Cvjetićanin Suzana (Institut za humanu genetiku, Medicinski fakultet, Beograd)
Nikolić Dejan ORCID iD icon (Univerzitetska dečja klinika, Beograd)
Petronić Ivana (Univerzitetska dečja klinika, Beograd)
Jekić Biljana (Institut za humanu genetiku, Medicinski fakultet, Beograd)
Damnjanović Tatjana ORCID iD icon (Institut za humanu genetiku, Medicinski fakultet, Beograd)
Ćirović Dragana (Univerzitetska dečja klinika, Beograd)
Radlović Vladimir (Univerzitetska dečja klinika, Beograd)
Knežević Tatjana (Univerzitetska dečja klinika, Beograd)
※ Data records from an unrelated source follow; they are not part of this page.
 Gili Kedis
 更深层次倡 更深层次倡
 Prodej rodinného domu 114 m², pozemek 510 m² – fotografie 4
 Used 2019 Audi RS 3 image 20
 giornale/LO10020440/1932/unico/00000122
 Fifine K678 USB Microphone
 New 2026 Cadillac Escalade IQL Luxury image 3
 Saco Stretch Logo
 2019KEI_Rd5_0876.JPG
INTRODUCTION Our study of genetic homozygosity degree includes an analysis of the presence, distribution and individual combination of 15 selected genetically controlled morphophysiological traits in the sample of patients with spinal dysraphia (N=35) and in the control-healthy group (N=50). OBJECTIVE Assuming that spinal dysraphia is a genetically controlled disease, we made a hypothesis that an increased homozygosity level, as well as the changed variability among patients, could be a population-genetic parameter for the prediction of the illness. METHOD Taking into consideration our experience, as well as the experience of numerous scientists who studied the nature of the inheritance of monoand oligo-genically controlled qualitative traits, we applied a methodology to estimate the proportion of such homozygously recessive characters (HRC-test,). RESULTS This population-genetic study did not only show a statistically significant difference of the mean values of genetic homozygosity (SD 4.8±0.3; control 3.5±0.3), but of the differences in the type of distribution too, as well as the differences in the presence of certain individual combinations of such traits. CONCLUSION Due to the fact that those genes which control such qualitative recessive traits are distributed in different human chromosomes, being their visible markers, this could indicate that degrees of genetic homozygosity are ostensibly greater in a sample of patients with spinal dysraphia compared to the control group of individuals.